*About this exercise:* Could you give the data below again exactly, apart from the pictures?

*The input:*
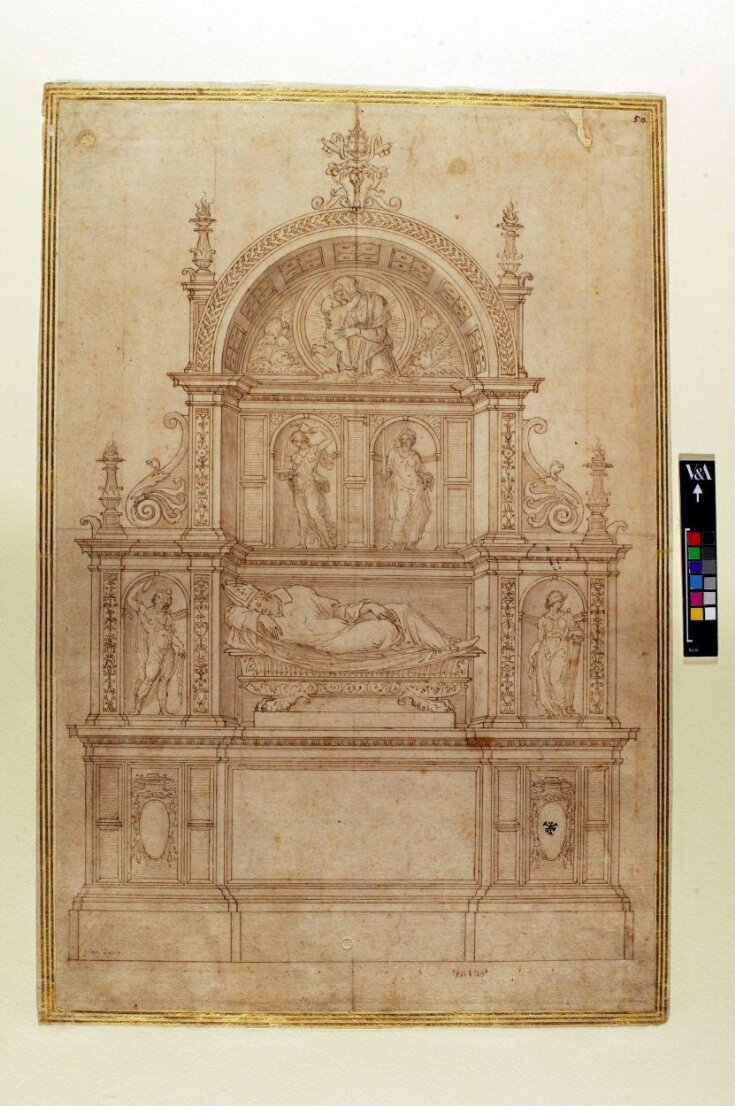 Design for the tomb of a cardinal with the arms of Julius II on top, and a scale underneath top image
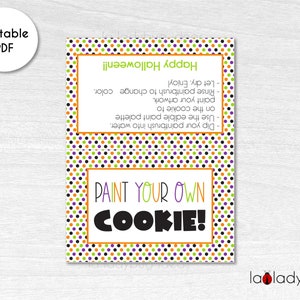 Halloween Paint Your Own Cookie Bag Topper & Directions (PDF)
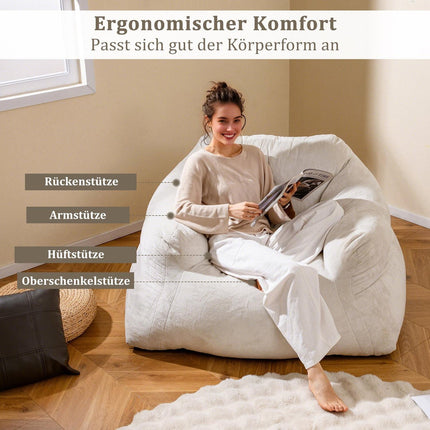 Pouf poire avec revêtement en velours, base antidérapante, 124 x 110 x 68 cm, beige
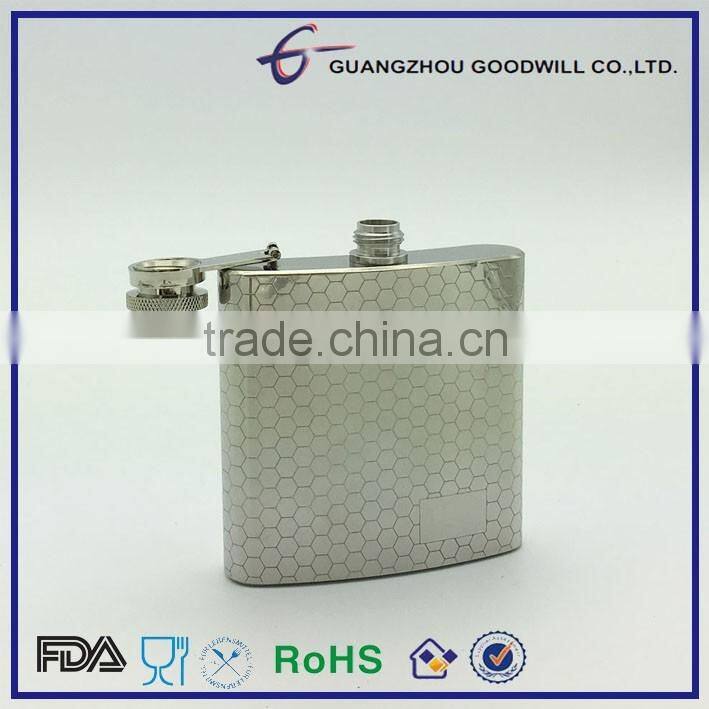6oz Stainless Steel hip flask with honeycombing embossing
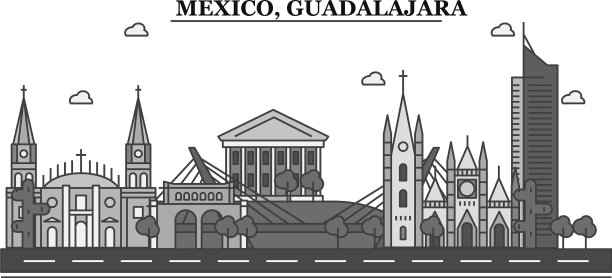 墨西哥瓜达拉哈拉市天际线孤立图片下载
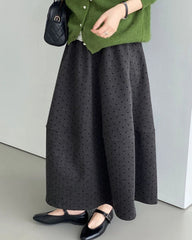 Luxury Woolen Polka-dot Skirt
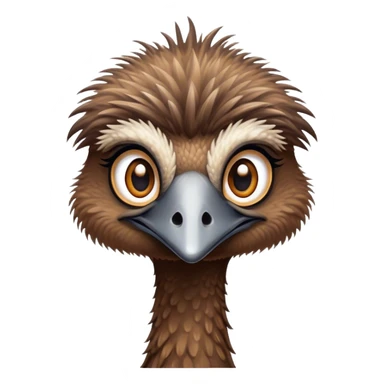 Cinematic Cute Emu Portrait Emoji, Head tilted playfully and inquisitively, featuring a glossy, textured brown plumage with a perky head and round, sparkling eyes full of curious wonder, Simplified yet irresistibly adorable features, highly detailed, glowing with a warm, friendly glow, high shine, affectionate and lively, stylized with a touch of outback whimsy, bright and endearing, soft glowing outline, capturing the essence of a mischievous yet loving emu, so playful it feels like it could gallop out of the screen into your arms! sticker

*Problem solution:*
 Design for the tomb of a cardinal with the arms of Julius II on top, and a scale underneath top image
 Halloween Paint Your Own Cookie Bag Topper & Directions (PDF)
 Pouf poire avec revêtement en velours, base antidérapante, 124 x 110 x 68 cm, beige
6oz Stainless Steel hip flask with honeycombing embossing
 墨西哥瓜达拉哈拉市天际线孤立图片下载
 Luxury Woolen Polka-dot Skirt
 Cinematic Cute Emu Portrait Emoji, Head tilted playfully and inquisitively, featuring a glossy, textured brown plumage with a perky head and round, sparkling eyes full of curious wonder, Simplified yet irresistibly adorable features, highly detailed, glowing with a warm, friendly glow, high shine, affectionate and lively, stylized with a touch of outback whimsy, bright and endearing, soft glowing outline, capturing the essence of a mischievous yet loving emu, so playful it feels like it could gallop out of the screen into your arms! sticker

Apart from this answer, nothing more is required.